- _What needs to be done_: Nothing but the lines from the one with "Владимир за день: смертельное" through the last line of the entries below should appear in the copy, please, and no pictures.

Image-caption web data
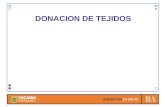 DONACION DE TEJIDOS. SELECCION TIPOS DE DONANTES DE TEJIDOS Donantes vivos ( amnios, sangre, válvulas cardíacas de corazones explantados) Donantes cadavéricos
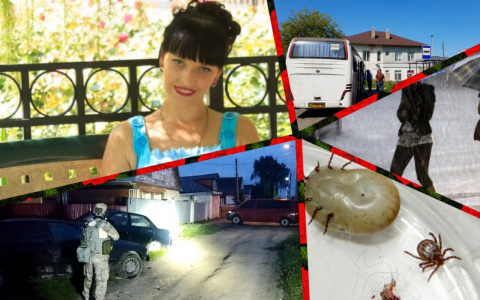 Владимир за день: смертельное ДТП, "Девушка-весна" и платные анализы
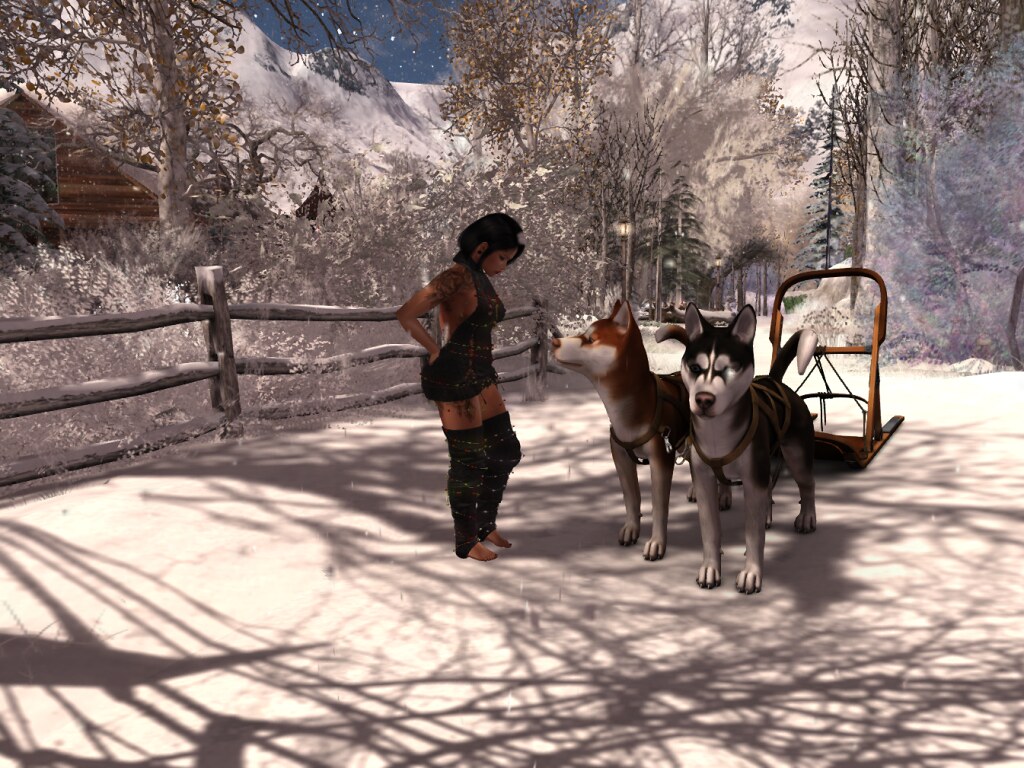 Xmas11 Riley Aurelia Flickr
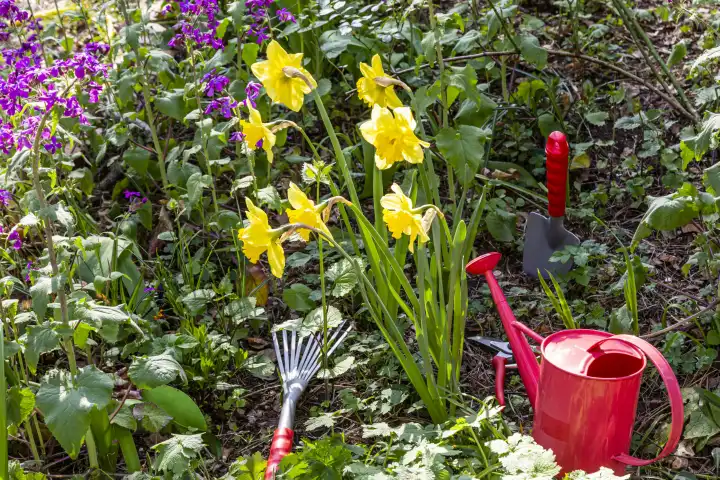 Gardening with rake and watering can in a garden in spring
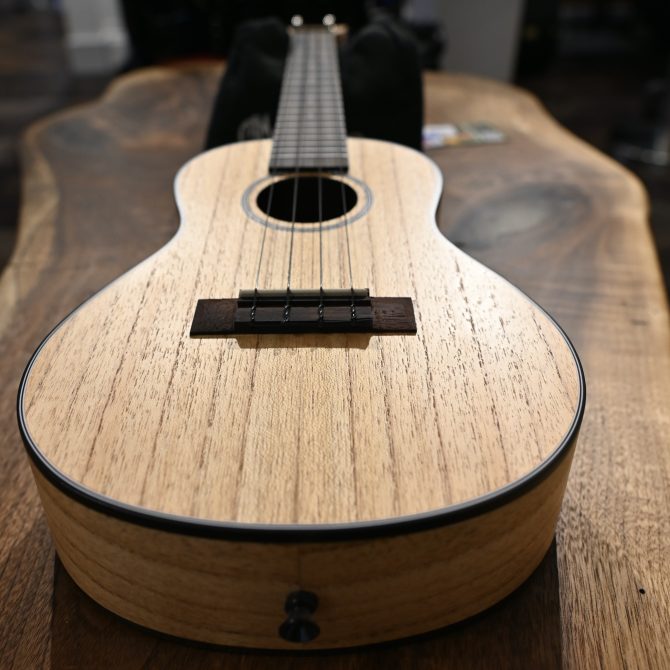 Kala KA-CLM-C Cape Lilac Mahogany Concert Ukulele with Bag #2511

- _Reply to the exercise_:
 Владимир за день: смертельное ДТП, "Девушка-весна" и платные анализы
 Xmas11 Riley Aurelia Flickr
 Gardening with rake and watering can in a garden in spring
 Kala KA-CLM-C Cape Lilac Mahogany Concert Ukulele with Bag #2511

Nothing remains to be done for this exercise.